The 40th anniversary of former US president Richard Nixon's historic trip to China is only a week away on Feb 21. Yet Brent Scowcroft celebrated his part in it six weeks ago.
A member of the advance team sent to prepare for Nixon's trip, Scowcroft landed in Beijing on New Year's Day, 1972.
Having served in three administrations and witnessed the ups and downs of the bilateral relationship, the 86-year-old firmly believes that the US policy on China is one of the most successful American foreign policies of the past 40 years.
Scowcroft is expected to meet Xi during a meeting shortly after his arrival on Monday. Former US senior government officials, including Henry Kissinger, Zbigniew Brzezinski, Madeleine Albright and Henry Paulson will also join the meeting.
"Since 1972, every American president, Republican or Democrat, some of them starting out with very different views of China, has come to the same conclusion that broadening and deepening the relationship with China is in the US national interest," said Scowcroft, who served as the National Security Adviser under President Gerald Ford and George H.W. Bush and later as chairman of the President's Foreign Intelligence Advisory Board under George W. Bush.
In Scowcroft's eyes, that conclusion remains the same today despite the fact that China is very different from 1972.
"Now the world is more complicated and the relationship is more complicated. We have different perspectives, different history and different cultures, so we have a lot to do to understand each other," Scowcroft told China Daily.
"As China grows, our countries run into each other in more places and over more issues in the world. The world itself is getting more complex," he said.
The history of the US in the past 100 years is also very different from the history of China in that period, and that gives the two peoples different psychological perspectives on the world and how to behave, according to Scowcroft.
The retired Lieutenant General does not believe that the US and China have fundamental problems and irreconcilable differences. He believes the best way to address differences is to have sincere discussions on major issues affecting the world and find out each other's views on them.
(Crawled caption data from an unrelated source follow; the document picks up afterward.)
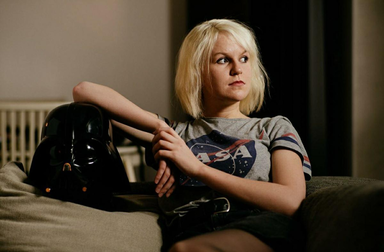 Hannah Schürkamp sitzt auf einem Sofa und schaut zur Seite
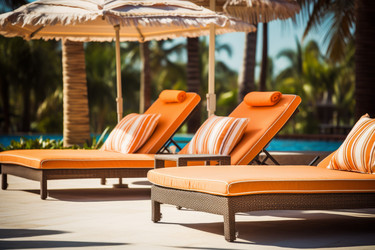 Sunbeds near outdoor swimming pool relax. Vacation relax season poolside. Generate Ai - yliv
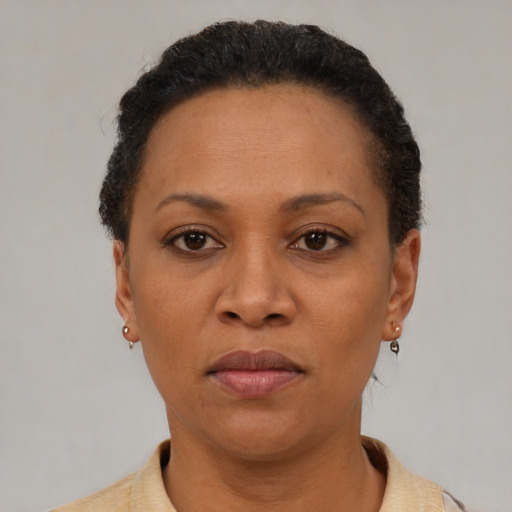 Neutral latino adult female with short  brown hair and brown eyes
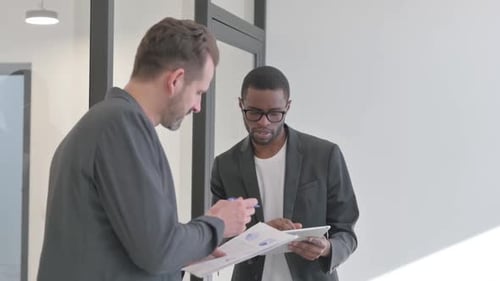 African Entrepreneur Discussing Work with Employee, Standing in Office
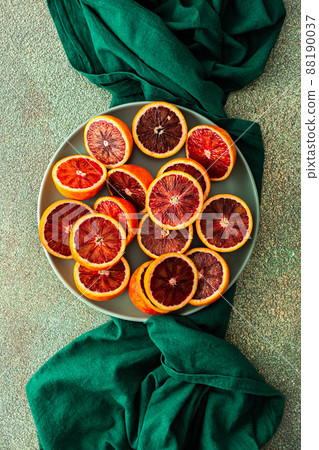 Blood orange in a plate on a green tablecloth Blood orange in a plate on a green tablecloth 88190037
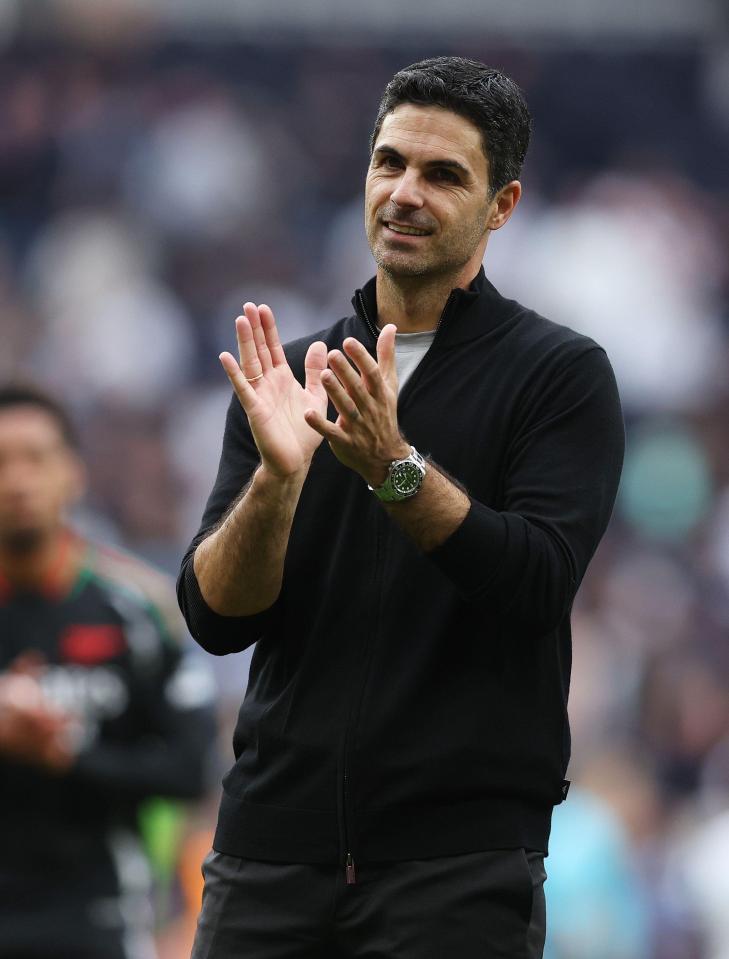 a man wearing a watch is clapping his hands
"Then we will identify places where our interests are common, where we don't know and where they differ, and if they differ, how to reconcile these differences. I think that's the way we should proceed," he said.
To Scowcroft, the US and China don't have to agree on everything in order to have a good and solid relationship. "Understanding is the important thing, not agreeing," he said.
"And that is one of the reasons why I think Vice-President Xi Jinping's visit is so important," he added.
Pierre Defraigne, executive director of the Brussels-based think tank The Madariaga - College of Europe Foundation, told China Daily that the visit of the Chinese vice president to the US represents a major event in China-US relations.
Although the trip appears to be a routine first meeting between leaders, it would help the two powers to "lower the temperature" of numerous ongoing conflicts in their relationship, Defraigne said.
Tao Wenzhao, an expert on US studies at the Chinese Academy of Social Sciences, said that Xi's expected visit to Pentagon is of crucial importance as it will give both sides a good chance to "greater clarify their own strategic priorities".
"The mutual lack of trust is most evident in defense affairs," said Tao.
With his vast experience in the US military and national security matters, Scowcroft also applauds Xi's planned visit to Pentagon.
"Diplomats understand each other and business people understand each other much better than our two militaries," he said.
The weaker military aspect of the relationship is "placing limits" on the overall development of China-US relations, Tao claimed.
"That is not good because it's easy to demonize someone you don't know. That's why I think military-to-military discussions are very important to reduce friction," Scowcroft said.
To Scowcroft, confrontation will happen mostly through misunderstanding and misinterpretation of motives. That is why he believes the more the two countries understand one another, the more they can reduce the possibility of a crisis developing.
Scowcroft dismisses the notion of a zero-sum game being played between the two countries.
"In my view, it's simply not right for people to think that gains in China mean deficits for the US and gains in the US are deficits for China," said Scowcroft, adding that, despite all the challenges, he remains optimistic about the relationship.
He said he hopes China will play a more active role in world affairs, whether or not they directly affect China's interests.
Having assisted President Obama in choosing his national security team, Scowcroft describes the current administration's China policy as "generally successful and going reasonably well", noting that both countries have their own national policies and public opinion to worry about.
"We have to get beyond those and look fundamentally at what it takes to understand each other better in order for us to work together more closely," he said.